The 3-way functions don't do anything fancy, just each of the three blocks represented in separate registers, and same instruction sequence as for the 1-way version, duplicated threee times and interleaved.
I've got the tests passing for chacha now. Apart from the straightforward porting-over of the BE shift and reverse-on-store logic from chacha20-core-internal.asm special treatment is necessary for the part of the state that's treated as a 64-bit counter. The two 32-bit words it's comprised of are in host-endianness but consecutive order. So they get reversed by the BE load. This is actually the case for all 32-bit operands throughout the routine on BE (and for chacha-core-internal also) and cancels itself out on the final store. But for the 64-bit counter it needs to be taken into account for the addition to produce correct results.

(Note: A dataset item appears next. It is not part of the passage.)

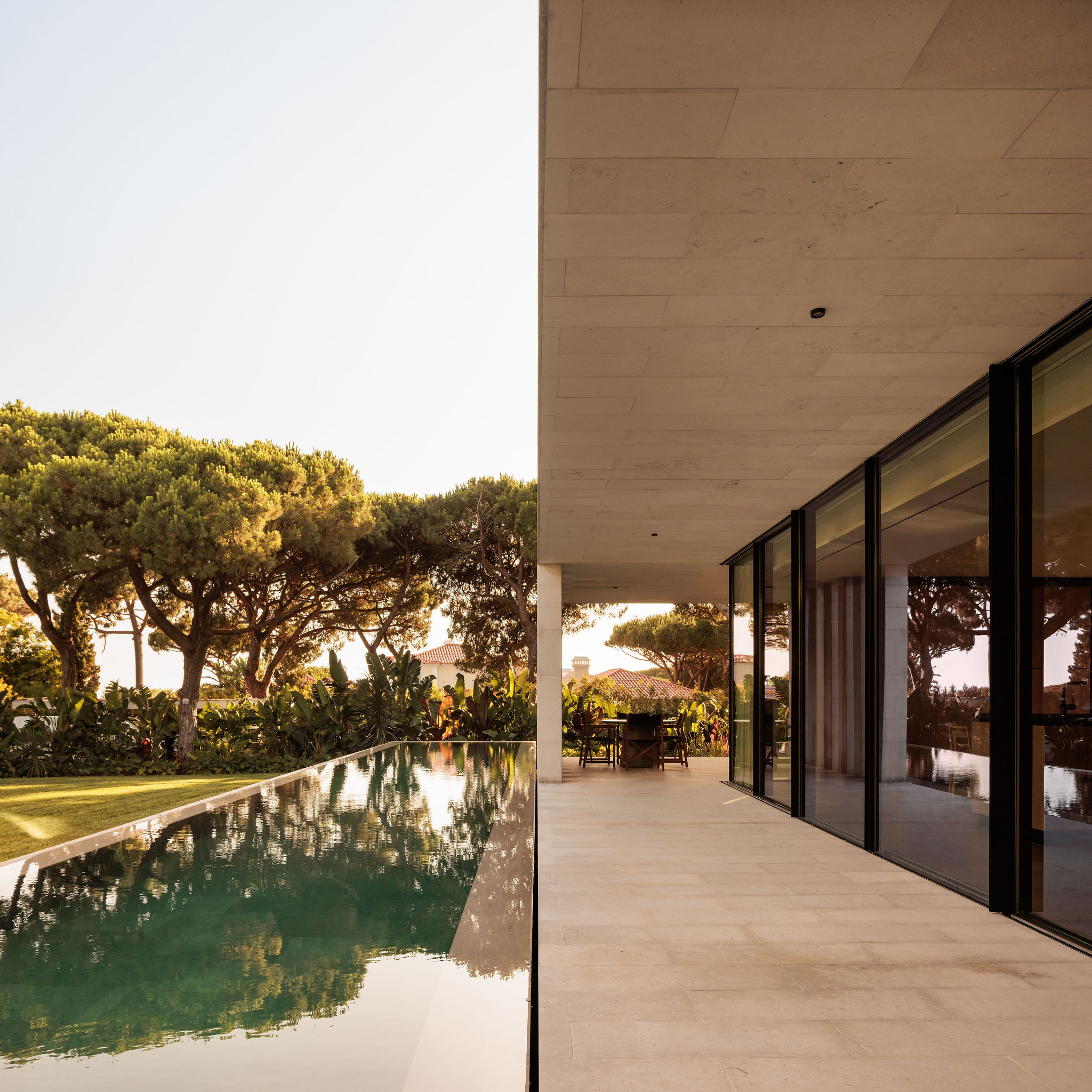 Casa V / V House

See the attached patch for my current approach to fixing it, which is explicit transposing, adding and then transposing again to be as transposed as the other operands. I wonder if the surrounding C code could be changed to supply that part of the state as a 64-bit doubleword in host endianness to the assembler routine to cut down on adjustment.

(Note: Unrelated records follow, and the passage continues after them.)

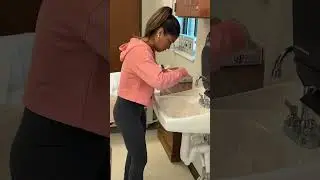Cleans Upper/Lower Denture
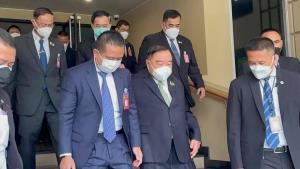 “บิ๊กป้อม” ยัน วันนี้ประชุม พปชร.ปัดตอบปรับโครงสร้างพรรค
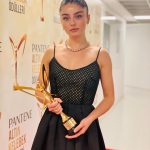 Ayça Ayşin Turan Instagram – Küçük bir teşekkür listesine hazır mısınız? 😌
İki gün oldu setimizi bitirip, İzmir’den İstanbul’a döneli. Öncelikle beni bu kadar kısa bir zamanda Altın Kelebek Ödül Töreni’ne hazırlayan Sevgili Erkan Altunay’a teşekkür etmek isterim. İçinde kendimi ‘kendim gibi’ hissettiğim harika tasarımı için @museumoffineclothing Eda Güngör’e çok ama çok teşekkür ederim. Makyajım ve saçım için Ali Rıza Özdemir ve Mutlu Ahmet Sinan’a çook teşekkür ederim. 
Dün gece ilk kez Altın Kelebek sahnesine ödül almak için çıktım. Tahminimden çok çok daha heyecanlandım. Beni destekleyen, bu ödüle layık olduğumu düşünüp oy veren tüm sevenlerime binlerce kez teşekkür ederim. 
Bu ödülün kalbimdeki yeri daima bambaşka olacak. Zor zamanlardan geçiyorum doğru, bu süreçte sizlerden aldığım desteğin önemi de yadsınamaz; sizlere de çok teşekkür ederim. 
Şimdi, daima ve ben nefes aldıkça olduğu her yerden gururla bana bakacak olan canım babacığım, sana da selam olsun! Bu ödül senin için… Hep kalbimdesin❤️

Styling @erkanaltunay 
Make up @alirizaozdemir 
Hair @mutluahmet.sinan
Dress @museumoffineclothing / @edagungor1
Shoes @miumiu 
Jewellery @kafkas_jewellery 
And Best Team ☘️
@gozdeyilmaz 
@simgebirben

Alternatively, could the 64-bit operation be broken down into two 32-bit operations which implicitly adjust to the transposed 32-bit words on BE?

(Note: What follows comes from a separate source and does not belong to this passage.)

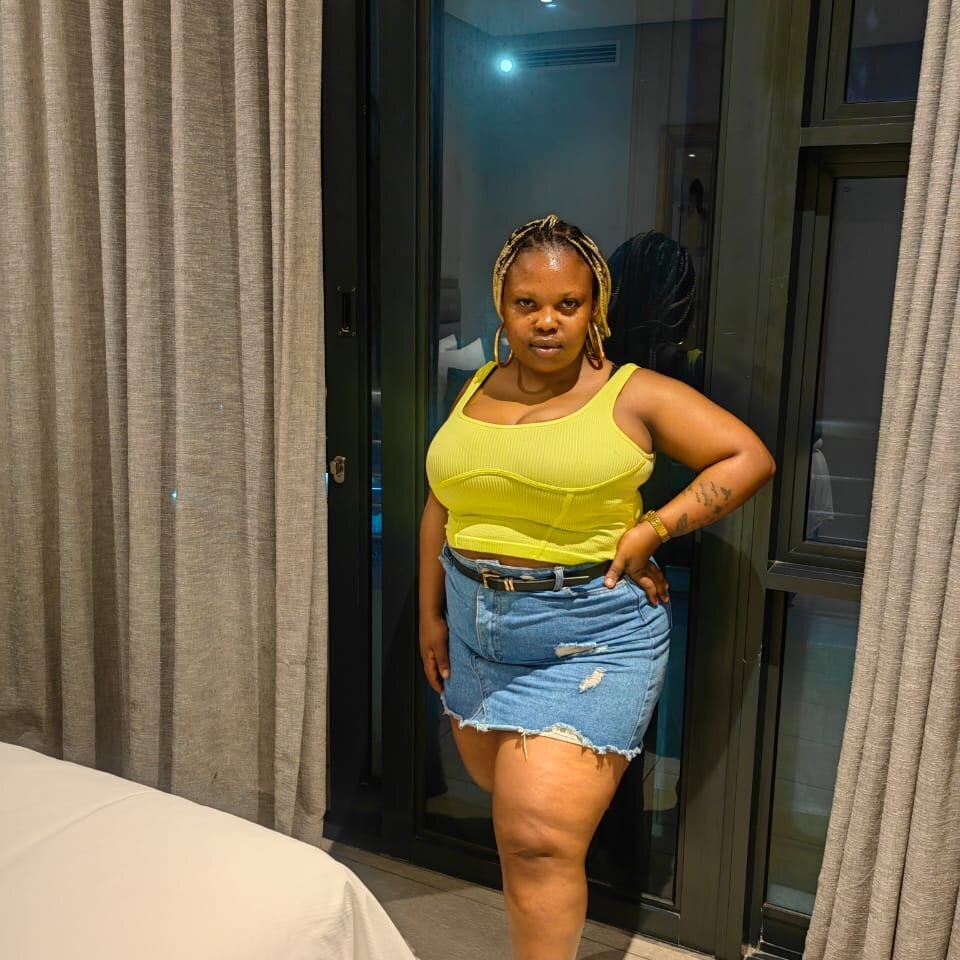 Busty-Caramel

The 2-way version (for ARM, that's salsa only) tries to be a bit more clever, with registers representing either odd or even words from both blocks.
For a start this also needs adjustment for the 64-bit counter treatment.
Not sure how endianness affects the code to move words around.
The routine "suffers" from the same effect as chacha: The 32-bit input operands are in host order in memory and their individual values end up correctly in the registers. But since vldm loads consecutive 64-bit values, it ends up transposing 32-bit words that comprise the 64-bit register value. After the initial swap and transpose operations, the X and Y matrices are basically correctly filled but flipped two ways.
I've tried to document what I see in the registers on armeb to get a handle on how to proceed:
vtrn.32 X0, Y3 C X0: 0 0 2 2 Y3: 1 1 3 3 vtrn.32 X1, Y0 C X1: 4 4 6 6 Y0: 5 5 7 7 - vtrn.32 X2, Y1 C X2: 8 8 10 10 Y1: 9 9 1 1 <- typo? + vtrn.32 X2, Y1 C X2: 8 8 10 10 Y1: 9 9 11 11 vtrn.32 X3, Y2 C X3: 12 12 14 14 Y2: 13 13 15 15 + C BE: + C X0: 3 3 1 1 Y3: 2 2 0 0 + C X1: 7 7 5 5 Y0: 6 6 4 4 + C X2: 11 11 9 9 Y1: 10 10 8 8 + C X3: 15 15 13 13 Y2: 14 14 12 12
C Swap, to get C X0: 0 10 Y0: 5 15 C X1: 4 14 Y1: 9 3 C X2: 8 2 Y2: 13 7 C X3: 12 6 Y3: 1 11 vswp D1REG(X0), D1REG(X2) vswp D1REG(X1), D1REG(X3) vswp D1REG(Y0), D1REG(Y2) vswp D1REG(Y1), D1REG(Y3)
+ C BE: + C X0: 11 1 Y0: 14 4 + C X1: 15 5 Y1: 2 8 + C X2: 3 9 Y2: 6 12 + C X3: 7 13 Y3: 10 0
I wonder if the code working on them contains some symmetry that could be exploited to (with minimal changes) get correct results on these transposed matrices.
Otherwise I wonder if it would be possible for both chacha and salsa to change the actual loading and storing so there's no transposing of 32-bit operands. I looked at vld4.32 but that does some fancy de-interleaving and needs two operations to load four q registers.
Otherwise we'd need a lot of vrev64.u32s to basically revert the 32-bit transposition happening upon load and save to end up with identical matrices to LE.